The B-Sides and Rarities pulls together odds and ends surrounding the band’s inaugural Sub Pop releases, along with a few early demos and sketches. If you’re the type to dig through UK-only B-sides and one-offs, it’s likely you’ve heard some of these songs before: “Isles” and a cover of the traditional British folk song “False Knight on the Road” were B-sides on the respective 7” single releases of “White Winter Hymnal,” and “Mykonos” while the unfinished “White Lace Regretfully” was included on the accompanying 10” to his sister and manager Aja Pecknold’s limited-run The Unified Field literary journal. Also included is Pecknold’s take on American folk traditional “Silver Dagger,” which made the rounds under his since-dormant White Antelope project.

But the raw-material demos that close out B-Sides and Rarities count as the collection’s greatest revelations, affording a work-in-progress intimacy to the creative gestation behind songs that already feel as familiar as the back of one’s hand. The “transition basement sketch” version of Fleet Foxes’ “Ragged Wood” zeroes in on the song’s soaring back half, isolating a few unadorned acoustic guitars and a stripped-down vocal take from Pecknold accompanied by some endearingly wobbly harmonizing; closing sketch “Hot Air” is the briefest track included here—clocking in around three-quarters of a minute—but nonetheless offers an alluring fog of unexplored ambiance.

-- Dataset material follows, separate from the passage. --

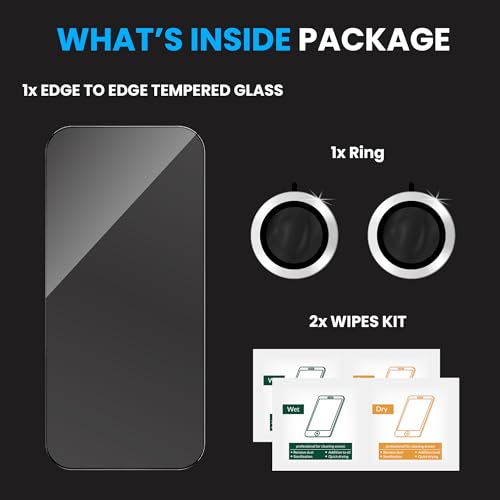 Image of FIRST MART Tempered Glass for Vivo V70 5G with Silver Camera Ring Guard & Installation Kit | HD Clear Edge-to-Edge Screen Protector, Scratch Resistant, Case-Friendly | Pack of 1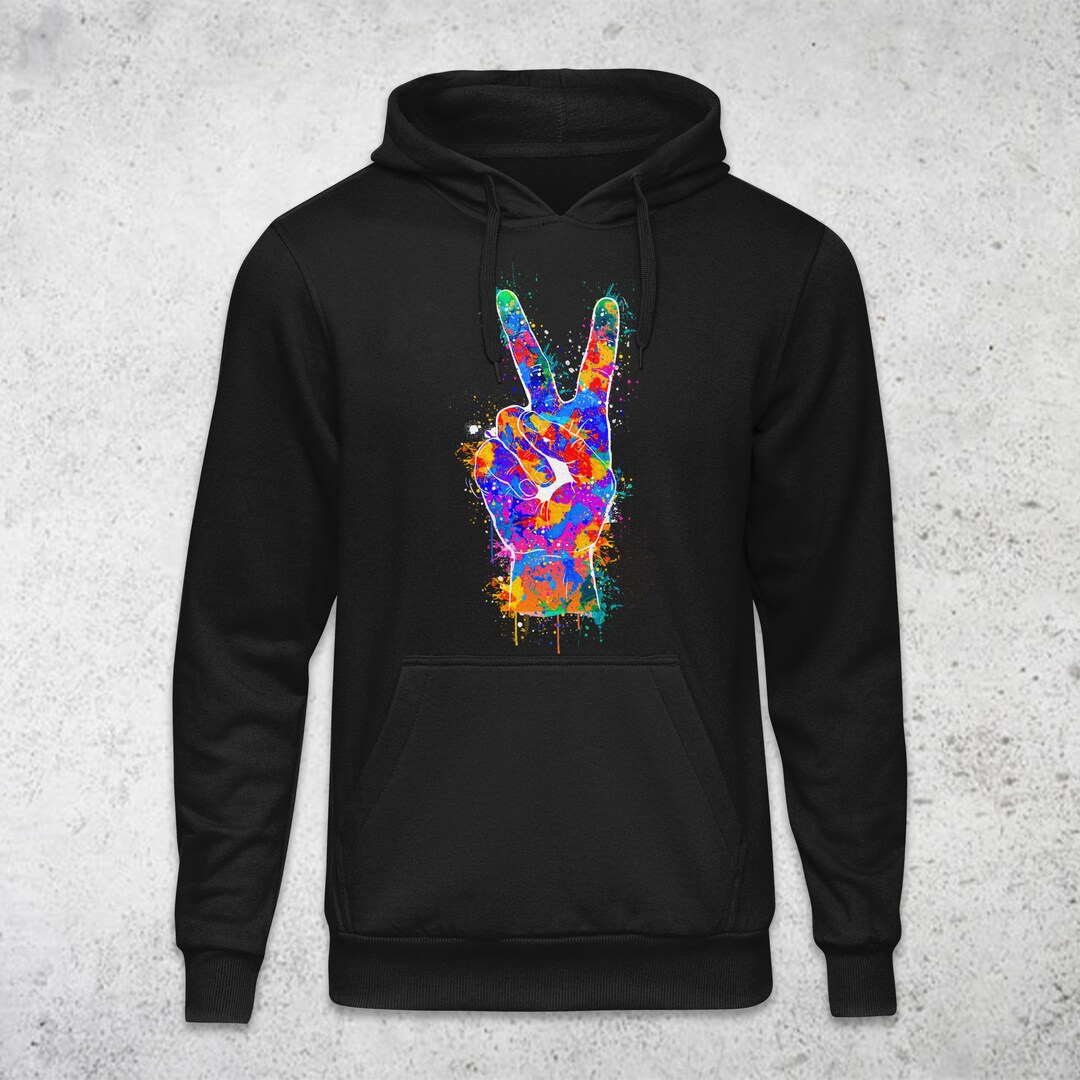 Peace Sign with Water Design Hoodie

The “basement demos” of Fleet Foxes’ “He Doesn’t Know Why” and Sun Giant’s “English House” center around rambling placeholder vocals, the former taking on a previously unheard melodic shape and possessing a shaggy looseness that stands opposite to the original’s controlled bursts of melodic steam. It’s practically a new song crafted out of the skeleton of a clear standout from this era, highlighting the inherent value of First Collection 2006-2009 beyond fan service: catching Fleet Foxes’ beatific spirit in a new light can feel just like hearing them for the first time.